Opportunity Cost and the 20 Under 20 Prize

On PBS NewsHour yesterday Peter Thiel argued that the opportunity cost of college may be surprisingly high for many students, and indeed, as widely reported this past week, he raised the opportunity cost for some impressive 20 Under 20 prize-winning entrepreneurs. Economist Richard Vedder was on Peter’s side of the argument, and not so surprisingly Wesleyan University President Michael Roth was not.

But the opportunity cost argument is worth taking seriously, and the entrepreneurship example is certainly a good one for the introductory economics course. Ever since Tiger Woods took my Stanford Economics 1 course in 1996, I’ve started my text book and first lecture with the story about how he dropped out of Stanford and joined the pro tour after learning about opportunity cost from me. But in the 7th Edition (out this fall) we are using examples closer to Peter Thiel’s (who also was a Stanford student).

This photo is a great visual aid for discussing opportunity cost. It shows Barack Obama along with entrepreneurs and chief executives of top technology firms: Apple, Cisco, Facebook, Genentech, Google, Netflix, Oracle, Twitter, and Yahoo. They’re meeting over dinner to talk about the economy.
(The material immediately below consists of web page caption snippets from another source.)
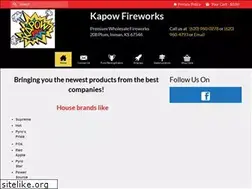 Sites similar to kapowfireworks.com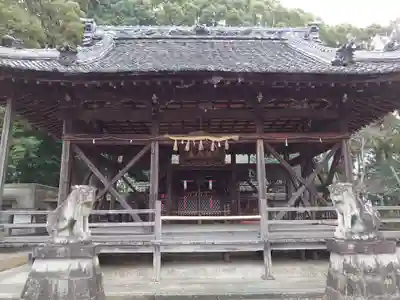 愛宕神社の本殿・本堂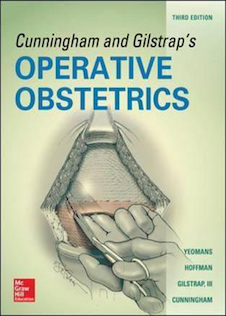 عکس Cunningham and Gilstrap’s Operative Obstetrics, 3rd Edition2017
Everyone at the table has amazing stories about making choices. Mark Zuckerberg, sitting to President Obama’s right, faced a big choice when he was in college in 2004: whether to finish his degree or to drop out and devote all his time to transform a novel idea into a start-up firm. Doing both college and the start-up was not an option because time is scarce, only 24 hours in a day, not enough time to do both activities and sleep a bit. So he had to make a choice. In choosing one activity, he would have to incur the cost of giving up the other activity. Dropping out would mean passing up a college degree which would help him get a good job. Staying in college would mean he could not start up a new firm. Zuckerberg chose to drop out, and it looks like he made the right choice.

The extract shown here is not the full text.